Pediatric Spine Foundation

Title: Proximal anchor fixation in magnetically controlled growing rods (MCGR): preliminary 2-year results of the impact of anchor location and density

Authors: Blake C. Meza, Suken A. Shah, Michael G. Vitale, Peter F. Sturm, Scott J. Luhmann, Pediatric Spine Study Group, Jason B. Anari

Journal: Spine Deformity

Date: March 18, 2020

Excerpt: When using MCGR, proximal spine anchors and greater anchor density impart superior deformity correction but do not significantly impact the risk of device complications.

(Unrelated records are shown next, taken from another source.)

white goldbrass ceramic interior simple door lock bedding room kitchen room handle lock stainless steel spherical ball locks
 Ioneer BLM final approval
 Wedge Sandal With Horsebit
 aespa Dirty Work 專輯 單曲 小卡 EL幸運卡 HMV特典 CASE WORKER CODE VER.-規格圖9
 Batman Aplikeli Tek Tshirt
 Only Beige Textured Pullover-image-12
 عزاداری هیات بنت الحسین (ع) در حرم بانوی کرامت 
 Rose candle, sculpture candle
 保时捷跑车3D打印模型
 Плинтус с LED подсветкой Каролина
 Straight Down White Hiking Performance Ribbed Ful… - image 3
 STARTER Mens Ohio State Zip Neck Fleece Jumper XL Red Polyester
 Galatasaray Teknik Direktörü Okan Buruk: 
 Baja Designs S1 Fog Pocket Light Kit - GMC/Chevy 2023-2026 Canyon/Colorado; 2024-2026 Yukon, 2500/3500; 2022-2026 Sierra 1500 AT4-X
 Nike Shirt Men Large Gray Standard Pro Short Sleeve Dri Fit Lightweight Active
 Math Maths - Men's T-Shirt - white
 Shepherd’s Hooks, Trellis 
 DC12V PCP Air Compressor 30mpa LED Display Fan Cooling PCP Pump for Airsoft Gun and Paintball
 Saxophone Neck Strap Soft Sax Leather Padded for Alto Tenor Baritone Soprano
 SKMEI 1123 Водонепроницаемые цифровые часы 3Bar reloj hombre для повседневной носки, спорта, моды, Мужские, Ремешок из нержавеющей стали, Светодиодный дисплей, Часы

Keywords: Proximal anchor, magnetically controlled growing rods (MCGR), early-onset scoliosis (EOS)

Summary:

Purpose

During the surgery to insert Magnetically Controlled Growing Rods (MCGR), device placement can be attached to the spine or ribs. Previous studies have found that in a similar device, Traditional rowing Rods (TGR), attaching to the rib has less chance for rod breakage and having 5 or more locations of attachment makes the risk of device migration or movement less likely. This study aims to review the impact of the location and number of anchors at the top of the device in the treatment of early onset scoliosis with MCGR.

Results

  • This study included 155 MCGR patients. Most patients with <5 attachments at the top of the device had spine-based anchors (74.7%), while a majority of those with =5 attachments at the top of the device were rib-based (51.4%).
  • Spine-based devices were associated with less kyphosis and better curve correction compared to rib-based devices. Overall, the difference in average patient curve correction was 6.8° (23.9° vs. 17.1°) for major curves, 5.5° (10.0° vs. 4.5°) for minor curves, and 10.7° for kyphotic curves.
  • A greater amount of attachments together (=5 attachments at the top) was found to have more major curve correction at 2 years (25.0° vs. 18.2°). Having =5 attachments at the top did not make the complication risk notably lower, including device movement where it was attached (8.4% vs. 7.7%).
  • Device movement was more common with rib-based devices (13.8% vs. 4.1%) and rod breakage was more common with spine-based devices (10.3% vs. 3.4%), however this trend was not notably different after statistical review.

Discussion Points

  • Spine-based devices had more improvement of spinal deformity.
  • Having =5 attachments at the top did not change the risk of complications; but it was associated with greater 2-year curve improvement.
  • The median follow-up time of patients in this study is less than 3 years. Future studies should continue to follow these patients to determine long-term outcomes and complications.